The problem is that the sun is at the very bottom of a very, very deep gravity well, and we're going very, very fast around it. Consider that escape velocity from the solar system here is about 40km/s. Near the sun, it's over 600km/s. Gravitationally speaking, most of the Sun's gravity well is below us.

To get to the Moon, we don't have to worry about the Sun's gravity well, and we don't even have to escape Earth's. We just need to establish orbit around Earth, and then transfer to the Moon, which is basically the same thing as going into a really elliptical orbit.

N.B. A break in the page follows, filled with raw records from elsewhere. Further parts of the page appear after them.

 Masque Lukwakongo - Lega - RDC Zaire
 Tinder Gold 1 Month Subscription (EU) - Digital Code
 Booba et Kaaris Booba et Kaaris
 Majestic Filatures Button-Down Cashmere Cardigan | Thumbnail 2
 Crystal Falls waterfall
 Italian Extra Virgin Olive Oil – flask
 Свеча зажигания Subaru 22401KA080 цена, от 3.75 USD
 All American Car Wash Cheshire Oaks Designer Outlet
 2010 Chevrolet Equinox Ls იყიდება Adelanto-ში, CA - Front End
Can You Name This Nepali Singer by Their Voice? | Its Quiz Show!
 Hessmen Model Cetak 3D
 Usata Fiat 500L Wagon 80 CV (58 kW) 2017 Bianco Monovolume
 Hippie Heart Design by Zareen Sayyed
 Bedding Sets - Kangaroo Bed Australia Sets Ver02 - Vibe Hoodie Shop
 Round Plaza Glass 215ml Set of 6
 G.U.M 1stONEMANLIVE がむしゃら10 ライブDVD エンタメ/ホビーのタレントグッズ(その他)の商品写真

A comet is a lot harder, but a comet like 67P/Churyumov–Gerasimenko has an orbit between 5.5 and 1.2 Earth-Sun distances, so with some careful timing, it's not too costly to get into the same orbit, since that orbit isn't too wildly dissimilar from Earth's. We just need to get out of Earth's gravity well, then do some adjusting. If we wanted to rendezvous with a comet that had a similar orbit, but in a retrograde motion around the sun, it would require ridiculous amounts of fuel -- barring some amazing gravity assists.

KSP models all this pretty well. It's tough to get a close approach to Kerbol, even taking full advantage of the Oberth effect from low Kerbin orbit. Much easier to escape the Kerbol system completely. That said, it's possible to get there for relatively little delta-V, if you're willing to wait for the perfect launch window for some gravity assists. The downside is that you could have used the same gravity assists to carry a lot more mass out of the solar system completely.

The same is true with our solar system. We can get almost anywhere for not too much delta-V if we're patient, but some places will always be harder to reach than others.